This function facilitates to create the structure of the GNPS .mgf format. For more information about submitting your spectra to GNPS, please visit this link. You can find the GNPS template spreadsheet in this link.
Arguments
- spec
a data frame containing the extracted MS/MS spectra, the following column are required:
- mz_precursor
precursor ion
- rt
retention time
- mz
m/z values
- intensity
intensity values
- spec_metadata
a data frame containing the values to be including in the resulting
.mgf
file. In this case, this is the minimum mandatory information to be included.The full explanation about fields and field content can be found in GNPS batch library upload link.
For the rest of fields that are included in the final library file, MS2extract will get this information for the extracted spectra.

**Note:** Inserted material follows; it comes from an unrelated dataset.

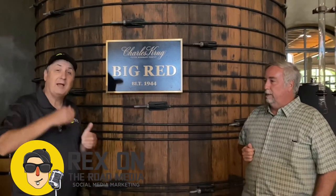At Charles Krug Winery, it's Rex on the Run. We'll be right back in just a little bit.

We highly suggest to check the
gnps_template.xlsx
file described in the function example to check what fields/columns are required in MS2extract.- COMPOUND_NAME
character, Metabolite name, it has to be the same name used in
met_metadata
, the data frame used to import your MS/MS data- INSTRUMENT
character, instrument used for data collection
- COLLISIONENERGY
character, collision energy used in MS/MS fragmentation
- IONSOURCE
Ionization source
- SMILES
character, SMILES chemical structure of your metabolite
- INCHI
character, Inchi value for the metabolite
- INCHIAUX
character, INCHIAUX for the metabolite
- IONMODE
character, ionization polarity
- PUBMED
character, PUBMED id where you submitted the MS/MS spectra
- ACQUISITION
character, Crude, Lysate, Commercial, Isolated, Other
- DATACOLLECTOR
character, Person who collected the MS/MS data
- INTEREST
character, interest of the MS/MS data
- LIBQUALITY
character, library quality. 1 for Gold, 2 for Silver, 3 for Bronze
- GENUS
character, genus of the organism
- SPECIES
character, species of the organism
- STRAIN
character, strain of the organism
- CASNUMBER
character, CAS number of the metabolite
- PI
character, principal investigator
- mgf_name
file name for the exported
.mgf
library. It does not have to contain the file extension.mgf
.
Value
if batch spectra are found, this function writes two files,
the .mgf
library and the required .tsv
table required by GNPS. If single
spectrum is detected, it will only write the .mgf
library.
Examples
# Example with batch spectra ----
# Select the csv file name and path
batch_file <- system.file("extdata", "batch_read.csv",
package = "MS2extract"
)
# Read the data frame
batch_data <- read.csv(batch_file)
# File paths for Procyanidin A2 and Rutin
ProcA2_file <- system.file("extdata",
"ProcyanidinA2_neg_20eV.mzXML",
package = "MS2extract"
)
Rutin_file <- system.file("extdata",
"Rutin_neg_20eV.mzXML",
package = "MS2extract"
)
# Add file path - User should specified the file path -
batch_data$File <- c(ProcA2_file, Rutin_file)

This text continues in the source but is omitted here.